John is the business owner of “The World of Notebook”,one of the leading online store providing laptops to end-users. Unfortunately, the website was hacked and the business was badly affected.
However, his in-house web developers do not have the expertise in conducting web security assessment and fix the vulnerabilities.
John appointed Condition Zebra, which is highly recommended by some trusted source. Now, he has two options on the researchers to be involved in his campaign. He can make his campaign available to the entire Crowd Researcher of Condition Zebra or handpick his preferred security team from the Crowd Researcher list.
John decided to make his campaign open as he would welcome any researchers that keen to join and contribute to his campaign.
set up the mechanics for his campaign. Below are the summaries:
Date: April 1 to April 30
Rules and regulations:
- Researchers are allowed to test the website from 12.00am-6.00pm on a daily basis.
- Researchers are not allowed to take down the site at any time
- Researchers are not allowed test the internal network of “The World of Notebook”
After confirming the mechanics for his campaign, Condition Zebra provides John a login details to Crowd Testing Portal. With the login, John is allowed to login and check the latest status of the campaign with the reported vulnerabilities.
At the same time, Condition Zebra will make the announcement and notify the Crowd Researchers about John’s Campaign. Each researcher who is keen to participant in John’s campaign will need to agree to the terms and conditions.
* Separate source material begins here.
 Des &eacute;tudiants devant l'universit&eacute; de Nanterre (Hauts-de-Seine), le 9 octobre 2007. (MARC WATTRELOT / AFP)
Violators will be suspended and prosecuted.
At April 1, 12.00am, John’s campaign is activated and the researchers will apply their penetration testing techniques on John’s website. The researchers will submit the vulnerability they found to the Crowd Researcher Portal throughout the campaign, meanwhile Crowd Testing “Vulnerabilities Investigation Centre” will verify and analyze the submitted vulnerabilities.
Crowd Testing “Vulnerabilities Investigation Centre” will update the tested and verified vulnerabilities to John’s account.
This process ensures that John is having the most updated status and vulnerabilities details whenever he login to his account. Each reported vulnerability is equipped with comprehensive analysis such as the URL, threat categories and proof of concept.
With the report provided by Condition Zebra, John has the option to get his in-house team to fix the vulnerabilities. However, his in-house team does not have the expertise and knowledge in this area.
In order to have the best result out of this campaign, John has opted for Condition Zebra to fix the vulnerabilities of his website. After all, Crowd Testing “Vulnerabilities Investigation Centre” has analyzed and tested the vulnerabilities.
After the campaign, John’s business is back to normal and he has practiced to conduct a penetration testing on his website once every 6 months to ensure the security of his website and the safety of his online customers.